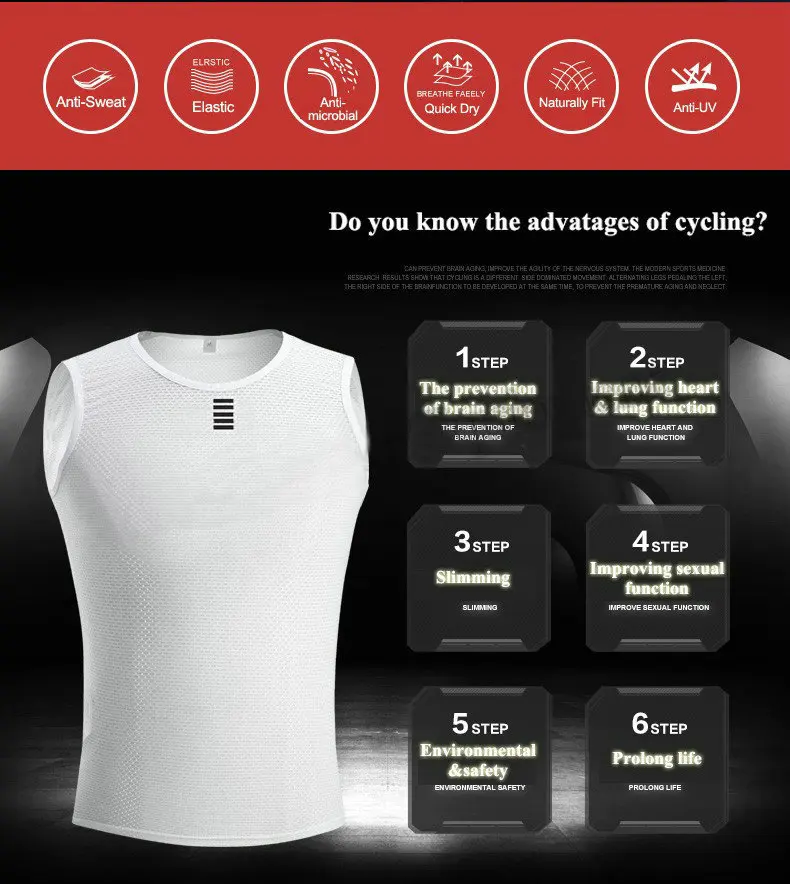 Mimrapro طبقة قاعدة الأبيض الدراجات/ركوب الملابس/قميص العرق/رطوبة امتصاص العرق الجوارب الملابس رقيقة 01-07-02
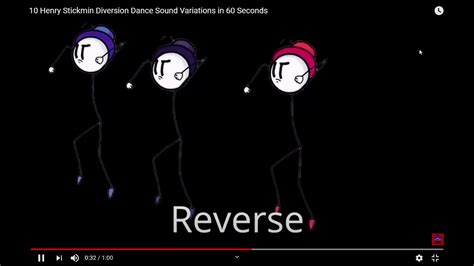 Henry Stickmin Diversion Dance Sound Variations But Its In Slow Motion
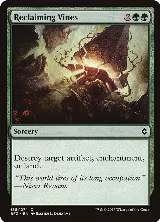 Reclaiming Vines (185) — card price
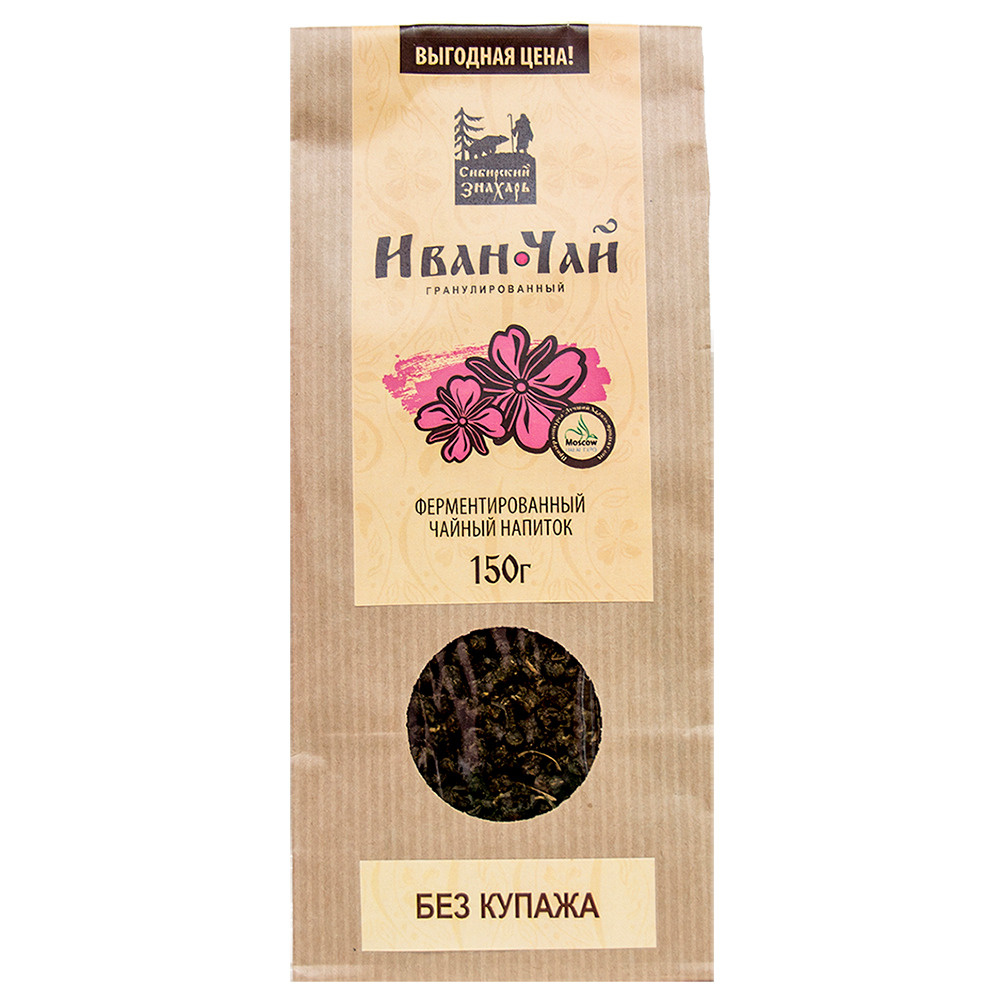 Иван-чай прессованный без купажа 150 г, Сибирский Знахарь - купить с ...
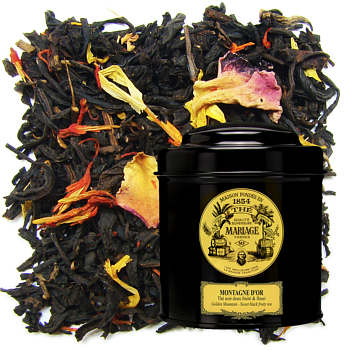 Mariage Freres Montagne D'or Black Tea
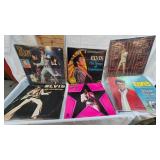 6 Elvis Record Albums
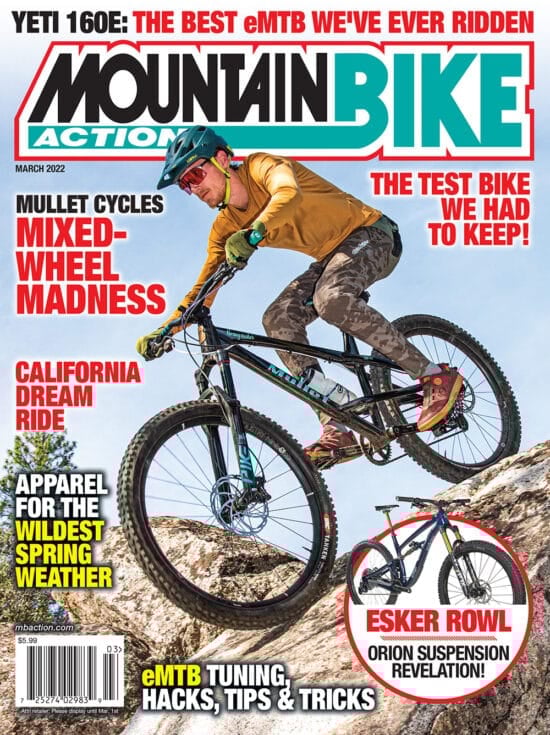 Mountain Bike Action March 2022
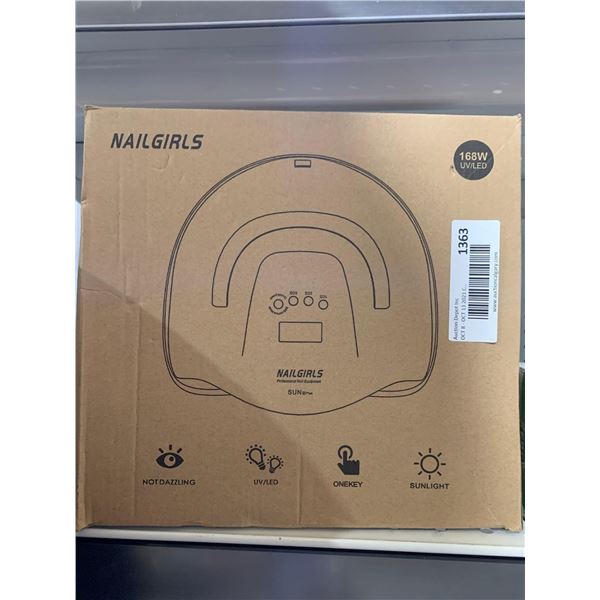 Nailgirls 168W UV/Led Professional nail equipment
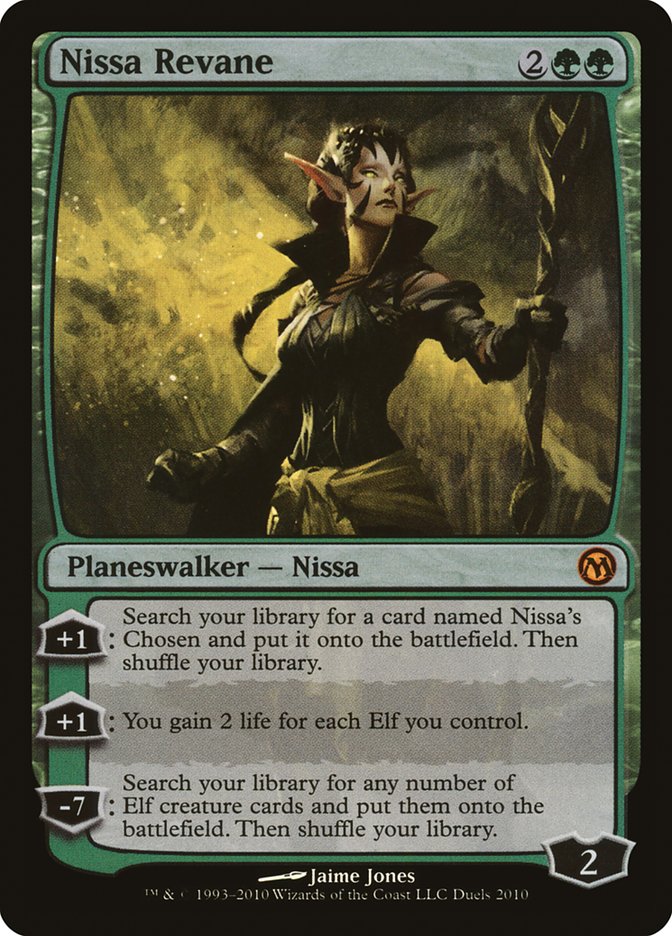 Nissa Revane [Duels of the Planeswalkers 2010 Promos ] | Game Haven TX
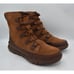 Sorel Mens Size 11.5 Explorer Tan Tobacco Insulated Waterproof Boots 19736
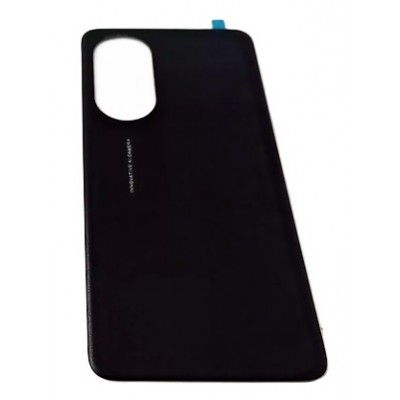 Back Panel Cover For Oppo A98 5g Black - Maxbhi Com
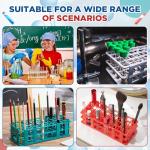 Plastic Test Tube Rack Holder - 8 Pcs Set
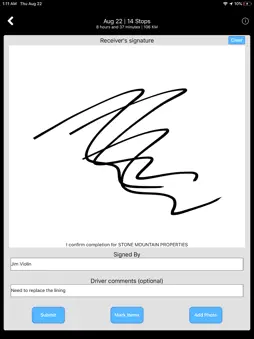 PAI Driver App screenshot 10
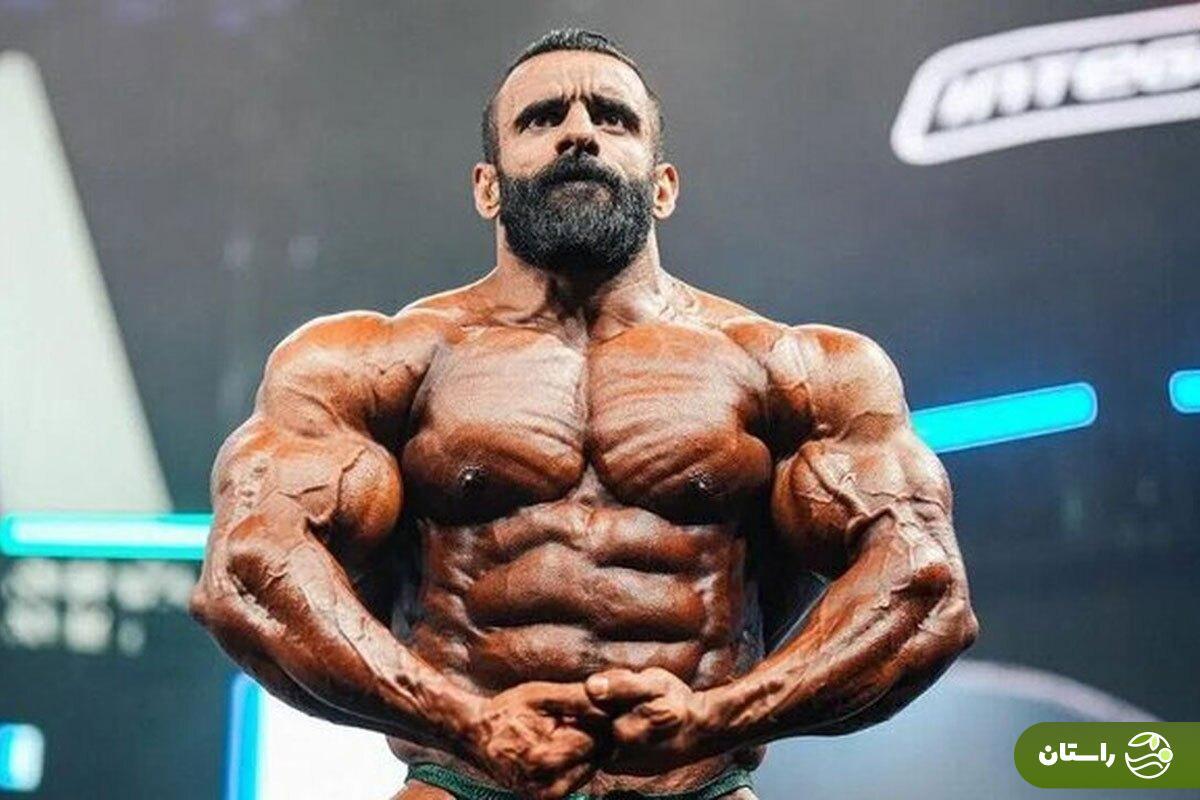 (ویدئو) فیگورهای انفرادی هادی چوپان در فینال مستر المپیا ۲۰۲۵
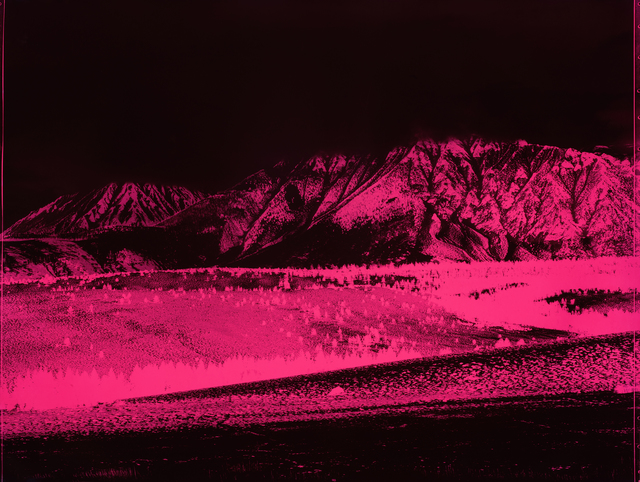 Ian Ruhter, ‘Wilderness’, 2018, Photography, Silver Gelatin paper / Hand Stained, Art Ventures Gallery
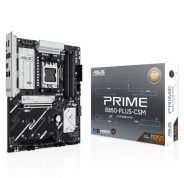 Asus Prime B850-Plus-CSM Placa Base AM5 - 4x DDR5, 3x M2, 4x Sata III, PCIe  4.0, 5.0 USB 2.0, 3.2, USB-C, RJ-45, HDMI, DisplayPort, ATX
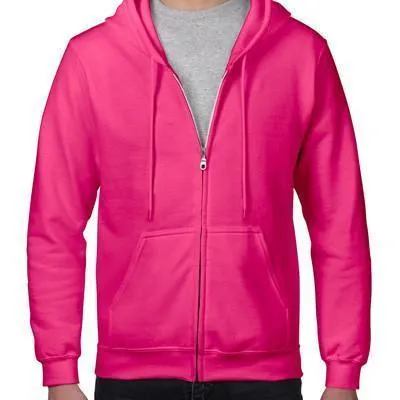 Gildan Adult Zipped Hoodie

---+---

**What this task involves**
Return the data exactly. Pictures stay out.

**Answer section**
 Mimrapro طبقة قاعدة الأبيض الدراجات/ركوب الملابس/قميص العرق/رطوبة امتصاص العرق الجوارب الملابس رقيقة 01-07-02
 Henry Stickmin Diversion Dance Sound Variations But Its In Slow Motion
 Reclaiming Vines (185) — card price
 Иван-чай прессованный без купажа 150 г, Сибирский Знахарь - купить с ...
 Mariage Freres Montagne D'or Black Tea
 6 Elvis Record Albums
 Mountain Bike Action March 2022
 Nailgirls 168W UV/Led Professional nail equipment
 Nissa Revane [Duels of the Planeswalkers 2010 Promos ] | Game Haven TX
 Sorel Mens Size 11.5 Explorer Tan Tobacco Insulated Waterproof Boots 19736
 Back Panel Cover For Oppo A98 5g Black - Maxbhi Com
 Plastic Test Tube Rack Holder - 8 Pcs Set
 PAI Driver App screenshot 10
 (ویدئو) فیگورهای انفرادی هادی چوپان در فینال مستر المپیا ۲۰۲۵
 Ian Ruhter, ‘Wilderness’, 2018, Photography, Silver Gelatin paper / Hand Stained, Art Ventures Gallery
 Asus Prime B850-Plus-CSM Placa Base AM5 - 4x DDR5, 3x M2, 4x Sata III, PCIe  4.0, 5.0 USB 2.0, 3.2, USB-C, RJ-45, HDMI, DisplayPort, ATX
 Gildan Adult Zipped Hoodie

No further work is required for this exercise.